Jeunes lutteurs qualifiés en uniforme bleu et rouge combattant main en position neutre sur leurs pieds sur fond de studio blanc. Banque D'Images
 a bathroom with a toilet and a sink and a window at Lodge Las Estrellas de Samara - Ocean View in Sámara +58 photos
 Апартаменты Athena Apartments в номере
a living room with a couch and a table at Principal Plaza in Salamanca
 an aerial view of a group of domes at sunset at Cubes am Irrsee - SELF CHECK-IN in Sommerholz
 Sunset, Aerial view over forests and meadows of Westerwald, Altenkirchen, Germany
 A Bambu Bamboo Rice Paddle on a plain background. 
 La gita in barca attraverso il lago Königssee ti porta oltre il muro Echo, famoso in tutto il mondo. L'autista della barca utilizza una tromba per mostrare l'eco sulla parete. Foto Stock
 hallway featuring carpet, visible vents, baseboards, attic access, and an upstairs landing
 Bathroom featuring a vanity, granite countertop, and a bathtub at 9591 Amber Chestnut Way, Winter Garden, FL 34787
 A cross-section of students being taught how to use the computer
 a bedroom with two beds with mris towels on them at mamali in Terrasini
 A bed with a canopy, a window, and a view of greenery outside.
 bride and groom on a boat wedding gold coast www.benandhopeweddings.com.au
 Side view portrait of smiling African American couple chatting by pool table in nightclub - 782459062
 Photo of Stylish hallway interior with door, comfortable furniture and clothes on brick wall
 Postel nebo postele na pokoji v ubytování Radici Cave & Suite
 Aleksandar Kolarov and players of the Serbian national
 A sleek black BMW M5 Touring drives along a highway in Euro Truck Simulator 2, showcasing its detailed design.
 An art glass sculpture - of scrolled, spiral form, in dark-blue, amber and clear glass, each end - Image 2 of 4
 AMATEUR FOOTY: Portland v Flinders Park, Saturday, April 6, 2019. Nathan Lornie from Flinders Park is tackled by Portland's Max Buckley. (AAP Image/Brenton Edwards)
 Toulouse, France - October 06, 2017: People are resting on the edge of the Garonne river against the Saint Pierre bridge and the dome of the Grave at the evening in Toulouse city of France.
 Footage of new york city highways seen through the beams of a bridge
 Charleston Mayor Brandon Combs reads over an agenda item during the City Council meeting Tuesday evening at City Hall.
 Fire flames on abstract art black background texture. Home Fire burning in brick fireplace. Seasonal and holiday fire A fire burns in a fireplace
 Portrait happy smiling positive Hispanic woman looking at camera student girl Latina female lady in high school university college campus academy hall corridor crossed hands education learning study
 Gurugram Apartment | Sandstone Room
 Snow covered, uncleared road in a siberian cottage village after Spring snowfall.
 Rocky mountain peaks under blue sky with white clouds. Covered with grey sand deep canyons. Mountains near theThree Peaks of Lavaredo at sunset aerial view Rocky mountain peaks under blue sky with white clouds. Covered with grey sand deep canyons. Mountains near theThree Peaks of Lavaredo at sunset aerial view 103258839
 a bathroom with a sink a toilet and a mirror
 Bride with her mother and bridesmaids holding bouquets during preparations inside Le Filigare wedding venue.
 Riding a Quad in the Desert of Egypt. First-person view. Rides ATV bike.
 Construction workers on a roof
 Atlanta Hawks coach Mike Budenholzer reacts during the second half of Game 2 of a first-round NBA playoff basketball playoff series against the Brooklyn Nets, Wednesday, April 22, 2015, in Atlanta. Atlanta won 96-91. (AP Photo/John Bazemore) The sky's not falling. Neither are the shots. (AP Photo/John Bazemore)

→ **Exercise**:
Your response should be the lines above from the first to the one containing "A bed with a", inclusive, each given exactly.

→ **Task answer**:
Jeunes lutteurs qualifiés en uniforme bleu et rouge combattant main en position neutre sur leurs pieds sur fond de studio blanc. Banque D'Images
 a bathroom with a toilet and a sink and a window at Lodge Las Estrellas de Samara - Ocean View in Sámara +58 photos
 Апартаменты Athena Apartments в номере
a living room with a couch and a table at Principal Plaza in Salamanca
 an aerial view of a group of domes at sunset at Cubes am Irrsee - SELF CHECK-IN in Sommerholz
 Sunset, Aerial view over forests and meadows of Westerwald, Altenkirchen, Germany
 A Bambu Bamboo Rice Paddle on a plain background. 
 La gita in barca attraverso il lago Königssee ti porta oltre il muro Echo, famoso in tutto il mondo. L'autista della barca utilizza una tromba per mostrare l'eco sulla parete. Foto Stock
 hallway featuring carpet, visible vents, baseboards, attic access, and an upstairs landing
 Bathroom featuring a vanity, granite countertop, and a bathtub at 9591 Amber Chestnut Way, Winter Garden, FL 34787
 A cross-section of students being taught how to use the computer
 a bedroom with two beds with mris towels on them at mamali in Terrasini
 A bed with a canopy, a window, and a view of greenery outside.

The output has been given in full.